Cyber Security

Fake Laravel packages in the Packagist Deploy RAT on Windows, macOS, and Linux

IRavie LakshmananMar 04, 2026Threat Intelligence / Application Security

Cybersecurity researchers have flagged malicious Packagist PHP packages that masquerade as Laravel services that act as conduits for a cross-platform remote access Trojan (RAT) running on Windows, macOS, and Linux systems.

The names of the packages are listed below –

  • nhattuanbl/lara-helper (37 Downloads)
  • nhattuanbl/simple-queue (29 downloads)
  • nhattuanbl/lara-swagger (49 downloads)

According to Socket, the “nhattuanbl/lara-swagger” package does not directly embed malicious code, it lists “nhattuanbl/lara-helper” as a compiler dependency, which makes it install the RAT. Packages are still available for download from the PHP package registry.

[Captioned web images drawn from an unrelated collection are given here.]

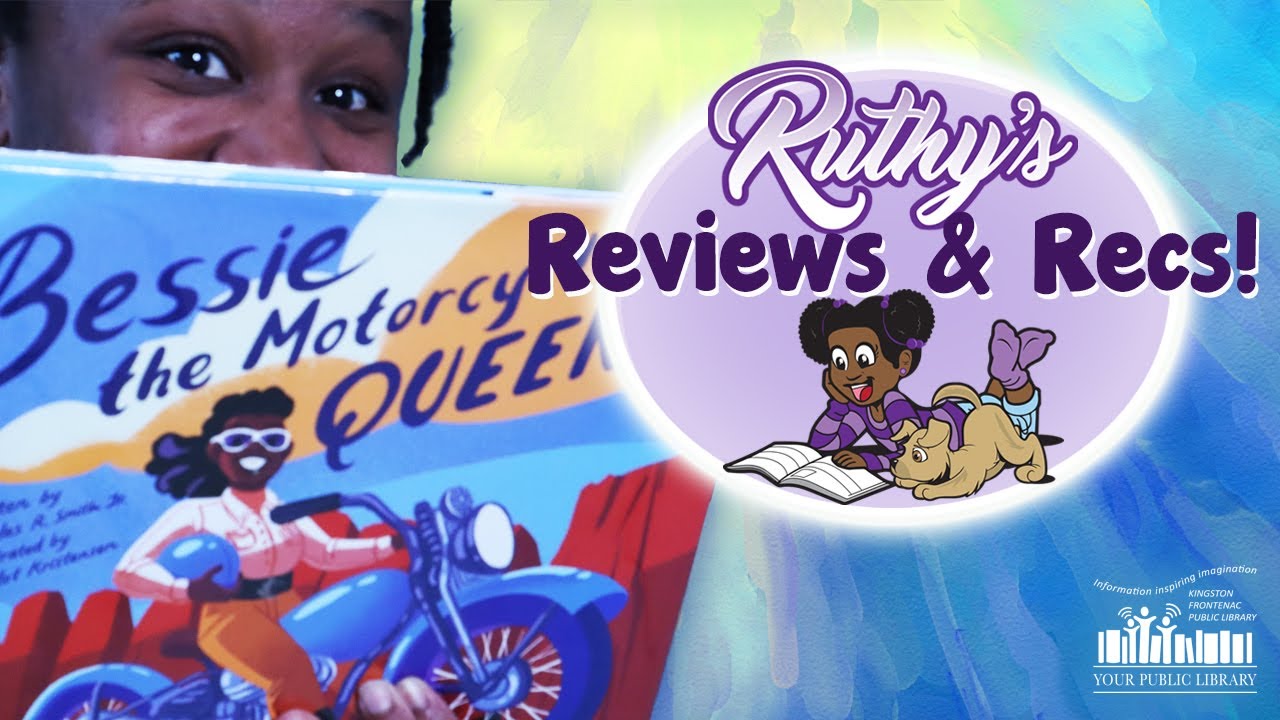 Michelle McDonald with the book Bessie The Motorcycle Queen. Text reads Ruthy's Reviews and Recs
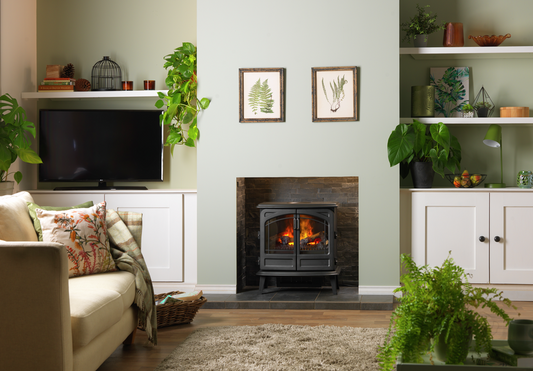 Free standing stove in a cosy home setting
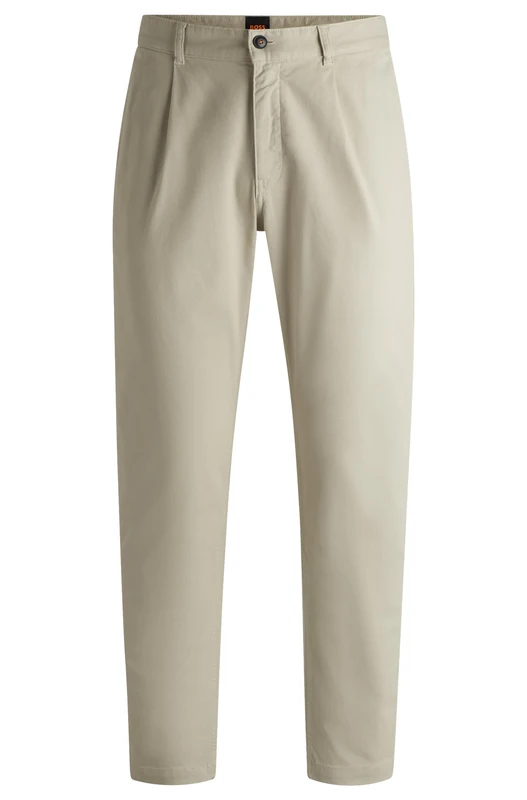 BOSS Men's Chino-Pleated Trousers_Flat, Light beige271, 50 W/32 L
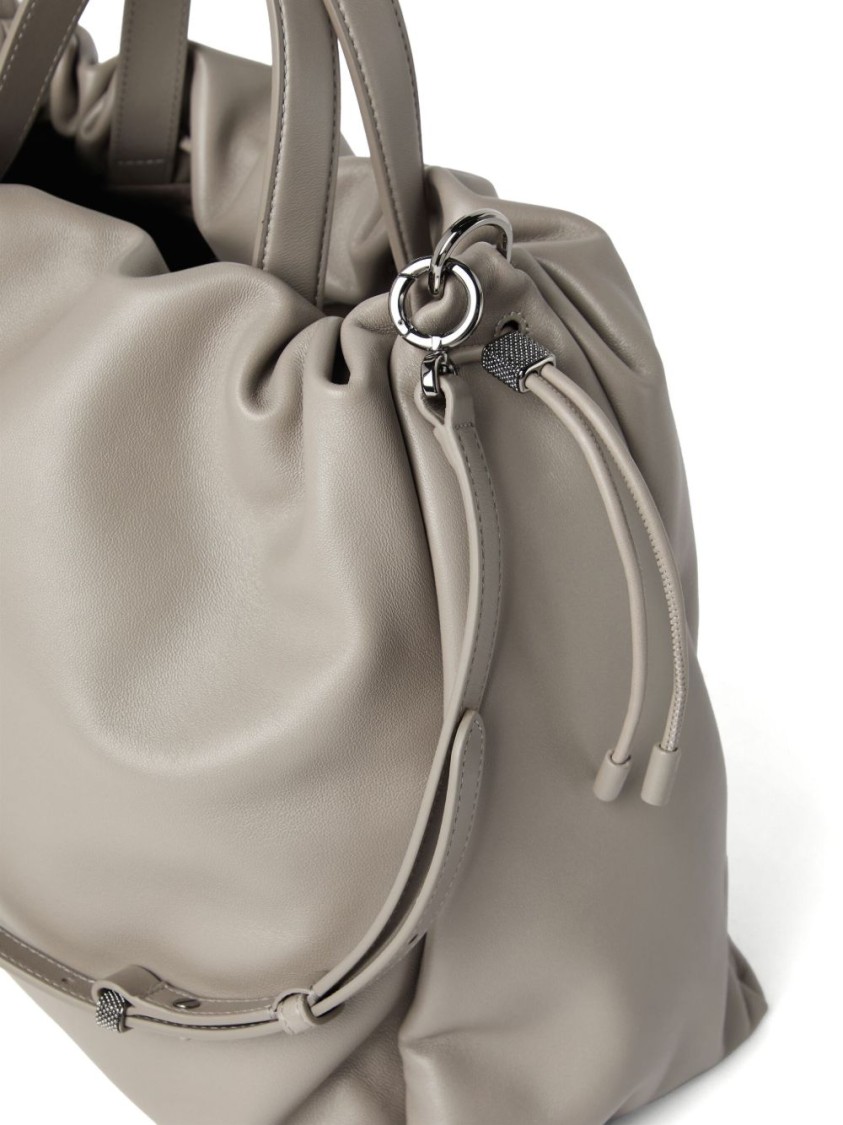 Shop Brunello Cucinelli Gathered Light Grey Calf Leather Bag With Monili Chain Detail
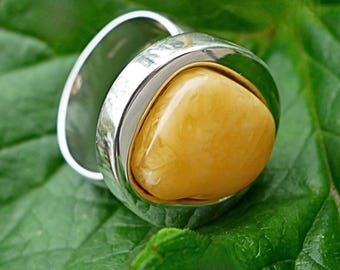 Rare Butterscotch Baltic Amber Ring, Handmade Chunky Sterling Silver, Modern Oval Design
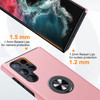 360 Rotating Ring Grip Hybrid Case for Samsung Galaxy S25 Ultra - Pink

Both lara-helper and simple-queue were found to contain a PHP file named “src/helper.php,” which uses several tricks to complicate static analysis by using techniques such as flow control obfuscation, text domain names, command names, and file paths, and random identifiers for various names and functions.

“Once uploaded, the payload connects to the C2 server at helper.leuleu[.]net:2096, sends system test data, and waits for commands — giving the user full remote access to the host,” said security researcher Kush Pandya.

This includes sending system information and analysis commands received from the C2 server for subsequent use on the vulnerable host. Communication takes place over TCP using PHP’s stream_socket_client(). The list of supported commands is below –

  • pingsending a heartbeat automatically every 60 seconds
  • informationsending system retest data to the C2 server
  • cmdto run a shell command
  • powershellto run a PowerShell command
  • runto run a shell command in the background
  • screenshotto capture the screen using imagegrabscreen()
  • downloadreading a file from disk
  • uploadto a file on disk and grant it read, write, and execute permissions for all users
  • Waitin the socket, then exit

“Using the shell, the RAT searches for disable_functions and chooses the first available method from: popen, proc_open, exec, shell_exec, system, passthru,” Pandya said. “This makes it resistant to standard PHP configuration.”

Although the C2 server is currently unresponsive, the RAT is configured to retry the connection every 15 seconds in a continuous loop, making it a security risk. Users who have installed the packages are advised to consider compromises, remove them, rotate all secrets accessible to the application environment, and inspect outgoing traffic to the C2 server.

Besides the three packages mentioned above, the threat actor behind the work published three other clean libraries (“nhattuanbl/lara-media,” “nhattuanbl/snooze,” and “nhattuanbl/syslog”), possibly in an attempt to build credibility and trick users into installing malicious ones.

“Any Laravel application that has lara-helper or simpleline installed uses a persistent RAT. A threat actor has full remote shell access, can read and write arbitrary files, and obtain a persistent system profile of each connected host,” said Socket.

“Because activation occurs at request startup (via a service provider) or on automatic class loading (via a simple queue), a RAT runs the same process as a web application with the same file system permissions and environment variables, including database credentials, API keys, and .env content.”